The New York City at Christmastime that is so charmingly and irresistibly romanticized in Dash & Lily is perfect because it is just that: a romanticization. It’s reflecting back the twinkling, crisp, cozy, anything is possible—even falling in love!—unrealistic version that we have in our head. It’s such a pleasure to see that it’s also instantly heartbreaking. From the first frame, Dash & Lily is an explosion of New York holiday nostalgia, and an exercise in delighting in—rather than being tortured with—bitterness over it.
Dash & Lily is based on the young adult book series Dash & Lily’s Book of Dares. Dash (played by Austin Abrams) is a Christmas Scrooge, a natural extension of his otherwise cynical personality. His divorced parents respectively abandon him over the holidays, so he’s crashing in his dad’s bachelor pad alone during school’s winter break.
Lily (played by Midori Francis), on the other hand, lives for Christmas. She’s a crafty, enthusiastic 17-year-old who doesn’t get along with kids her age and has no friends, which is why her family’s all-out embrace of the holidays is such a treat for her.
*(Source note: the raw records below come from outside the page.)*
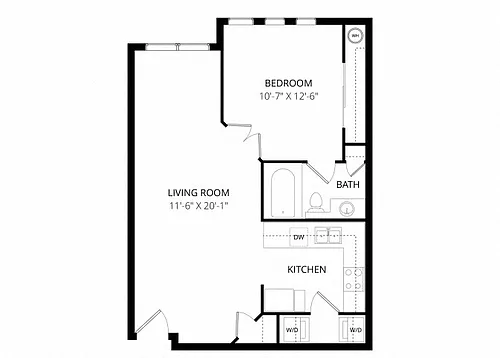 Floor plan Energy A3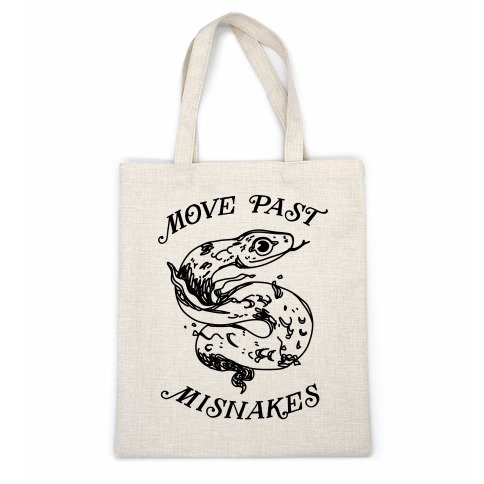 Move Past Misnakes Casual Tote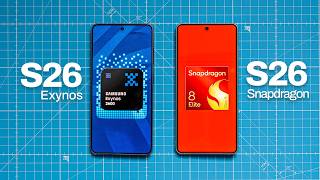 Galaxy S26 Exynos vs. Snapdragon: I tested EVERYTHING!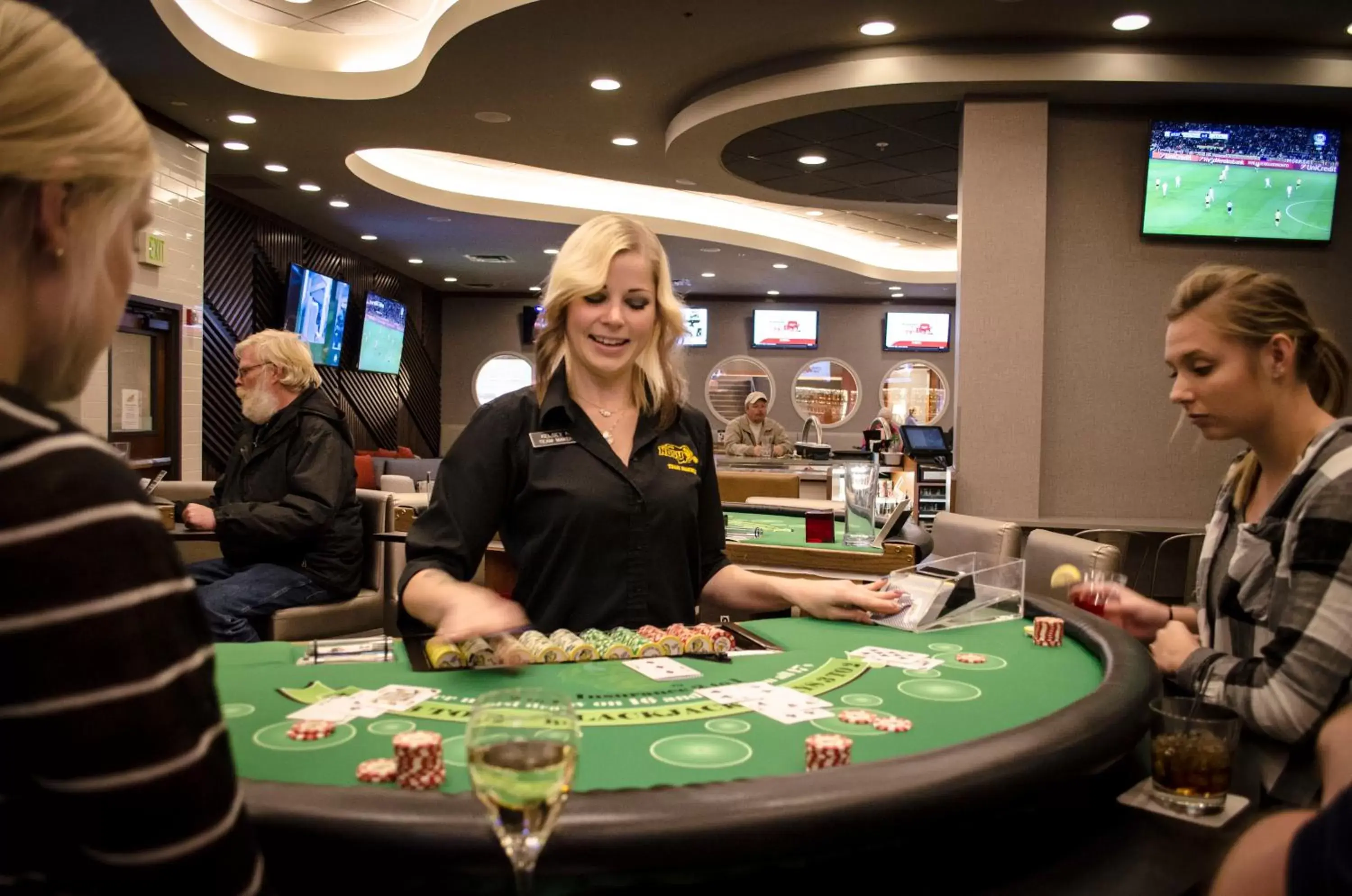 Casino in Holiday Inn Fargo, an IHG Hotel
This year, however, her parents have to travel, leaving Lily and her older brother, Langston (Troy Iwata), to their own devices to create their own Christmas experience.
It’s Langston and his new boyfriend’s idea to help Lily out of her shell—and maybe even meet a boy—by crafting a scavenger hunt of dares in a red notebook and leaving it in the Strand bookstore. Dash finds the book and, intrigued, completes the dares.
The two then become flirty pen pals, writing to each other through the book and staging new dares designed to help the other out of their funks: Lily gets Dash to let down his jaded exterior and start to earnestly embrace the sweetness in the world; Dash gets Lily to step out of her comfort zone and discover that she’s worthy of having self-confidence.
It’s all very cute. When I was describing the series to a few friends, they both audibly sighed and their faces relaxed into a serene smile when I merely mentioned the phrase “pen pals.” Both Dash and Lily are so darned adorable it’s no surprise that Netflix audiences are already devouring the series.
Not only does the famous Strand bookstore play a huge role in the show, the characters subway-hop through the entire city and its landmarks, both touristy and local. They go to Think Coffee and Two Boots Pizza in the Village, the Christmas land at Macy’s in Herald Square, to the Broadway costume warehouses at Silvercup Studios in Queens, to get pie in Brooklyn, to go caroling in Washington Square Park, to get drunk at McSorley’s Old Ale House.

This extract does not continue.